[Entries taken from a collection]
*** Begin section ***
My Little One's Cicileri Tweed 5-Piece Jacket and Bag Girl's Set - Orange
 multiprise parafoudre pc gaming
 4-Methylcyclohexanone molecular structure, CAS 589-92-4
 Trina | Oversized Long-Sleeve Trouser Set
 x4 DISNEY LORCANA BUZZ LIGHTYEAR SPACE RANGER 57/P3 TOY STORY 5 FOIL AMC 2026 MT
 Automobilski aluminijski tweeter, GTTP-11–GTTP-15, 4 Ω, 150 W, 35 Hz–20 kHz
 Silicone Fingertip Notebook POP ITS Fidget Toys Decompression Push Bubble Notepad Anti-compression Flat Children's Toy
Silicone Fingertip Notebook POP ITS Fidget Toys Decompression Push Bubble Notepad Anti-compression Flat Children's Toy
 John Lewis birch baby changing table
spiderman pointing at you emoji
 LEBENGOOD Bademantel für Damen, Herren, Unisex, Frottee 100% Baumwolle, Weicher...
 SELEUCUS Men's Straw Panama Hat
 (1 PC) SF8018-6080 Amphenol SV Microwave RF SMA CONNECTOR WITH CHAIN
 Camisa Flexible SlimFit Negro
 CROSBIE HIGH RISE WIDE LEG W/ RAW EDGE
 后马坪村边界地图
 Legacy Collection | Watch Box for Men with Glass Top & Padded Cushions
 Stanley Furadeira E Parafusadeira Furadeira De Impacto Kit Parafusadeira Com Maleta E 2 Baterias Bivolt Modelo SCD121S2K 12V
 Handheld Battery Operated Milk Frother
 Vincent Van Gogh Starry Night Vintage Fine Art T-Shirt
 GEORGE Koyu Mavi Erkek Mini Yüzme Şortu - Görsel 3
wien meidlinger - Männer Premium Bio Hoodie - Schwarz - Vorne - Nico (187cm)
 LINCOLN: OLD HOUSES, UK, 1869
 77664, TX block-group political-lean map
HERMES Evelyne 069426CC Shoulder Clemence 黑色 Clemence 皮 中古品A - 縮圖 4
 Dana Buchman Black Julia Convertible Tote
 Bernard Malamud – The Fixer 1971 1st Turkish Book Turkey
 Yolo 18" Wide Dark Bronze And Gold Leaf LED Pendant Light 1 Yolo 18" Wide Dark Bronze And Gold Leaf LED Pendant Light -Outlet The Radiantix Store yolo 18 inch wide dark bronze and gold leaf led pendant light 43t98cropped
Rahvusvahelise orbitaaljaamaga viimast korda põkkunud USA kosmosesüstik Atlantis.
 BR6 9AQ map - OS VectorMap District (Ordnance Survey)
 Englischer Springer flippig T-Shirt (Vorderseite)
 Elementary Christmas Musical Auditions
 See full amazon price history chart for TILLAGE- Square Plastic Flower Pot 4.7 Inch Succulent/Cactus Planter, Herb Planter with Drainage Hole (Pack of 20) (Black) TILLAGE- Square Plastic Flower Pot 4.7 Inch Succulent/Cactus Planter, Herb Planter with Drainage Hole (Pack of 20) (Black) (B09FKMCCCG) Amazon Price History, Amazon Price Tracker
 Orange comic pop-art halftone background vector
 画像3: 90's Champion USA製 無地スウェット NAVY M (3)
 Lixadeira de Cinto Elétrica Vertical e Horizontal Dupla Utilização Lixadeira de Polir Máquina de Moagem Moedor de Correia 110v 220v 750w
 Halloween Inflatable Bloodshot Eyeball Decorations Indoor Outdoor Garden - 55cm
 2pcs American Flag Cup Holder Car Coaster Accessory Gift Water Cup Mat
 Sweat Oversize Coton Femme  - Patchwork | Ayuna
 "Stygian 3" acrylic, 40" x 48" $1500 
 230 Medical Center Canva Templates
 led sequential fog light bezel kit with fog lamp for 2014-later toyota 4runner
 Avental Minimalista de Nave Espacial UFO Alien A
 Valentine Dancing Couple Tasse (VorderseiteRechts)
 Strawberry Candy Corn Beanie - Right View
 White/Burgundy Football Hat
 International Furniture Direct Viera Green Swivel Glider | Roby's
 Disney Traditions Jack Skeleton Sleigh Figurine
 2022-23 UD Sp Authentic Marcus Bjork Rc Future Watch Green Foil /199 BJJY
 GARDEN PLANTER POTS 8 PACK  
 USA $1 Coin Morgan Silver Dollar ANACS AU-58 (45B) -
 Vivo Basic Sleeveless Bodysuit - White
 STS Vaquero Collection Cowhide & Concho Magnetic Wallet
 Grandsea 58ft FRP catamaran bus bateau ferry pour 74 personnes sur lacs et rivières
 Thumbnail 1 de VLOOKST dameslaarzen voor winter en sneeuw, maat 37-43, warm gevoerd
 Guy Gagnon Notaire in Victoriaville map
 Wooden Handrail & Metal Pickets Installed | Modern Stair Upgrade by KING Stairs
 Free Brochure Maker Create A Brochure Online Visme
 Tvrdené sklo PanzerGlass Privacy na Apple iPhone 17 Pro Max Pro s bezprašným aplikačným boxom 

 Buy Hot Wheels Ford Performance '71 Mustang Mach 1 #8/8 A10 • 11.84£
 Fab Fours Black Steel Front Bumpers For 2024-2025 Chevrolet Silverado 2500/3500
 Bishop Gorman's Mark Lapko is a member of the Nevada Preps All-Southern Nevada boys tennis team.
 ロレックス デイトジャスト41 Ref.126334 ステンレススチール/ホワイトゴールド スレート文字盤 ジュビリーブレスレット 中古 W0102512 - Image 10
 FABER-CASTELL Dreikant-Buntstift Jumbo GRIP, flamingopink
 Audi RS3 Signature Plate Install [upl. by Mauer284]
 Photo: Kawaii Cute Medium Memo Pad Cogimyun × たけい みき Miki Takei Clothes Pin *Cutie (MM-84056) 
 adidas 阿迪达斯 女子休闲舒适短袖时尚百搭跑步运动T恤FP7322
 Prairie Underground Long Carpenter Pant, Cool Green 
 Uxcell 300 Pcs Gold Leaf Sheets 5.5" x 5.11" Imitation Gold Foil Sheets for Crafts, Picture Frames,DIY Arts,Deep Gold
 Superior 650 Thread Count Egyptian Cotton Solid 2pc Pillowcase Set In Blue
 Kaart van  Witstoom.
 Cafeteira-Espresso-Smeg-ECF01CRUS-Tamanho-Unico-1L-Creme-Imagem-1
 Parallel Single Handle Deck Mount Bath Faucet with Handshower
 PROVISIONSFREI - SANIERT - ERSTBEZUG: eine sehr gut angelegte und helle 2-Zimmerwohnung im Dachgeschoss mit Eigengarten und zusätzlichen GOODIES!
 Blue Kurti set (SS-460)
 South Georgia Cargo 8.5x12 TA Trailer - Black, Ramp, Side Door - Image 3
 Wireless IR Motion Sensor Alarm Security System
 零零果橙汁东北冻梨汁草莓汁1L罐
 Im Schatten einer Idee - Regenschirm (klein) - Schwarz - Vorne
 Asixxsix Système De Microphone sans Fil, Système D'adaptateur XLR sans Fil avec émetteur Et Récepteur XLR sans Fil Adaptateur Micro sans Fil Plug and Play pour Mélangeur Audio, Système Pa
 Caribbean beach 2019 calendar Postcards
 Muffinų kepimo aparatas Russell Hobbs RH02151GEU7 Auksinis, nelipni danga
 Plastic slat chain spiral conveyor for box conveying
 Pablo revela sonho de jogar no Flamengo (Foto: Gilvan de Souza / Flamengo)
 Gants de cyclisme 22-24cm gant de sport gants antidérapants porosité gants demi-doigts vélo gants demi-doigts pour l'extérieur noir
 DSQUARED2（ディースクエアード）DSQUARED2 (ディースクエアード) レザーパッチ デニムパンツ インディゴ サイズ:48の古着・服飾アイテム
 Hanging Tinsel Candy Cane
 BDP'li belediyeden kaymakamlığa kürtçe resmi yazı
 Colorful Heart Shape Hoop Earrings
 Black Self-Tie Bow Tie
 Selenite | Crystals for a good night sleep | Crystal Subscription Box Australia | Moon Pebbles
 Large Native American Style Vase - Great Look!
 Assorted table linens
*** End section ***
■ **WHAT YOU WILL DO**: The lines to extract from the data above begin with the line containing "Dana Buchman Black Julia Convertible Tote" and end with the line containing "Bernard Malamud –". Extract them exactly, including both.

■ **SOLUTION BELOW**:
 Dana Buchman Black Julia Convertible Tote
 Bernard Malamud – The Fixer 1971 1st Turkish Book Turkey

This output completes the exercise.